An audiophile's voyage to find the quietest laptop
I changed laptops about a month ago. I had a Windows netbook, and I opted up, as it were, to a Macbook Air. Part of the attraction of the Macbook Air was its solid-state drive. Unlike a traditional hard drive, which is in effect a high-tech LP player with read-write capability, the SSD has no moving parts -- well, except at the level of the electrical charge that allows data to be stored. (If you can hear that, please get in touch while the next X-Men movie is still in pre-production.) The lack of a physical interface means the SSD is silent, and also less likely to trigger the computer's fan, which in most cases is the primary producer of computer noise on a laptop or desktop. (Note: You can, indeed, upgrade netbooks to SSD drives, but the one I had, a slim Acer, had its drive buried so deep in the device that it was beyond my abilities and my time.)

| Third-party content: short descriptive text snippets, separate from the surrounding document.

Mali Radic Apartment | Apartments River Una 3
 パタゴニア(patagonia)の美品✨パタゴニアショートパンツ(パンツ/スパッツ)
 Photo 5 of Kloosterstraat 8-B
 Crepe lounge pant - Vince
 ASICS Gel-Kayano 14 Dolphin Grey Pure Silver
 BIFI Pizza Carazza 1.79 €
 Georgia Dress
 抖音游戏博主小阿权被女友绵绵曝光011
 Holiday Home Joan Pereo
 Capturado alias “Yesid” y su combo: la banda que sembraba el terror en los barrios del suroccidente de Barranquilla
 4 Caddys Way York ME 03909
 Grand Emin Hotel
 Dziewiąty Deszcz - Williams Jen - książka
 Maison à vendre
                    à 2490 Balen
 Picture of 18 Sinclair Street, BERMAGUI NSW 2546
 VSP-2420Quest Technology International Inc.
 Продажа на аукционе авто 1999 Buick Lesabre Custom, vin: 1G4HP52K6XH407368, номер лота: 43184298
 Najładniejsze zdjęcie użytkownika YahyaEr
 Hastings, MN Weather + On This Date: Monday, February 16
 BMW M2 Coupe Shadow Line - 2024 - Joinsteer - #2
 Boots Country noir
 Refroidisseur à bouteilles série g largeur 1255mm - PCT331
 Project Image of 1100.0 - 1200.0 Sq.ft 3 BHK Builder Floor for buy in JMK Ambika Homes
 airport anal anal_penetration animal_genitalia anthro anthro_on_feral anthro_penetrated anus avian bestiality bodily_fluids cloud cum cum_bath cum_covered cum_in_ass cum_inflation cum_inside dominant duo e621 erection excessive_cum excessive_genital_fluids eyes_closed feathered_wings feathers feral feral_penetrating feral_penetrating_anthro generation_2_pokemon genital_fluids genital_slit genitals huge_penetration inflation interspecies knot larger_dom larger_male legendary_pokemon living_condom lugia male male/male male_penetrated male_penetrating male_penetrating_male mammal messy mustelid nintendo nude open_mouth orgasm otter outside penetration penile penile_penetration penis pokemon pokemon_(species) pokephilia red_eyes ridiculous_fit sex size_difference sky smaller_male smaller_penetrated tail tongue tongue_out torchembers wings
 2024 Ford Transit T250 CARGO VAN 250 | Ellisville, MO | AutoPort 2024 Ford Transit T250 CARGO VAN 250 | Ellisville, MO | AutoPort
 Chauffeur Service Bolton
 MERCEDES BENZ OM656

Beyond the fan, the main mechanical part of a laptop is its keyboard. The Macbook Air's keyboard is one of the best I've worked with. I've long been skeptical of Apple keyboards, believing that they at times achieve their pronounced elegance, their fiercely minimalist silhouette, at the expense of functionality. The one on the Air, however, is splendid. (Mine is the "2011 Air," so unlike its Air predecessors, the keyboard has the additional benefit of being backlit). I've typed on both my iPad 2 and my Air next to my sleeping 14-month-old, and it's possible that the Air keyboard is the quieter of the two -- perhaps not quantitatively, in terms of measurable amplitude, but almost certainly qualitatively: The finger-tap sound of the iPad screen is akin to cold, hard raindrops. It's a sound is so singular and strong that it can seem even louder than the cushioned noise of the Air's keyboard.
Like the single physical button on the iPad, the trackpad click on the Air emits a peculiarly hard crunch. It's like a small chitinous thing being stepped on.With one prominent exception (the trackpad), the deficits I've come across on the Air, in terms of troubling sonic properties, are restricted to its operating system (OS X Lion), and the very near silence of the SSD may be responsible for bringing them to the foreground. Here are some notes on the three most persistent of those sounds, and on compensating for them:
TRACKING ERROR: The Air's keyboard may be blissfully quiet, but its trackpad is another story. Like the single physical button on the iPad, the trackpad click on the Air emits a peculiarly hard crunch. It's like a small chitinous thing being stepped on. Fortunately for iPad users, the latest major upgrade of its operating system, iOS 5, made that button less necessary than it had been in the past: various swipes accomplish the majority of its tasks. The Macbook Air default setting requires you to click hard on the trackpad to click on anything (like a webpage link, for example). However, there is a setting under "System Preferences" to correct this. Just select "Trackpad," which appears under "Hardware." Then select the "Point & Click" menu. And then click on "Tap to click." In most but not all cases, a simple (and near silent) tap on the trackpad will now accomplish most of the hard-click tasks. By the way, I have noticed a few instances when you still need to click hard, but very few (example: when selecting a user account on the laptop after turning on the machine).
SILENT BOOT: There are several means to disable the "ah-ahhh" sound that the laptop makes when it turns on. You know the one, the choral effect that no doubt will fill the heavens when the Singularity happens, and that in the meanwhile embarrasses laptop wielders on a daily basis in libraries and cafes around the globe. I'm currently using a tiny app called Auto Mute (at auto-mute.com), which I'd previously used in Windows. I believe it initiates itself just in time to beat when the computer triggers the "ah-ahhh." As with the Windows implementation of Auto Mute, I have experienced a few instances when the computer's boot somehow fails to launch the tiny application in time. But for the most part the fix works. There are various other approaches to this problem, enough to suggest that there is widespread displeasure with not being able to turn it off permanently in some official "System Preferences" manner. According to Tech Heavy, you can also hold down the Mute button while the laptop is being turned on, or use a tool called StartupSound.prefPane, which is an alternate to Auto Mute.
SLIDING SCALE: One of the most annoying aspects of OS X is the beeping noise that accompanies the lowering and raising of volume in Lion. A little plinky beep accompanies each move up and down the 16-step scale. As with the Trackpad issue, this can be handled thanks to a little option buried deep in the "System Preferences." Click on "Sound," which is under "Hardware." Click on the "Sound Effects" menu. And then de-select the option that reads "Play feedback when volume is changed." Doing so doesn't turn off the graphic that appears when the volume is raised and lowered: you'll still be able to gauge, visually, where the computer is at on the volume scale.
I have to say that the silence of the SSD, the hushed feedback of the keyboard, and the way the fan is triggered only under the most CPU-intensive circumstances combine to make the Air a pleasure to use. No doubt as a result of that silence, other inherent noises -- in both the hardware and the software -- will turn into annoyances, the personal-technology equivalent of a neighbor who walks too loudly. But for the time being, at least, I have succeeded in muting the most troublesome of them.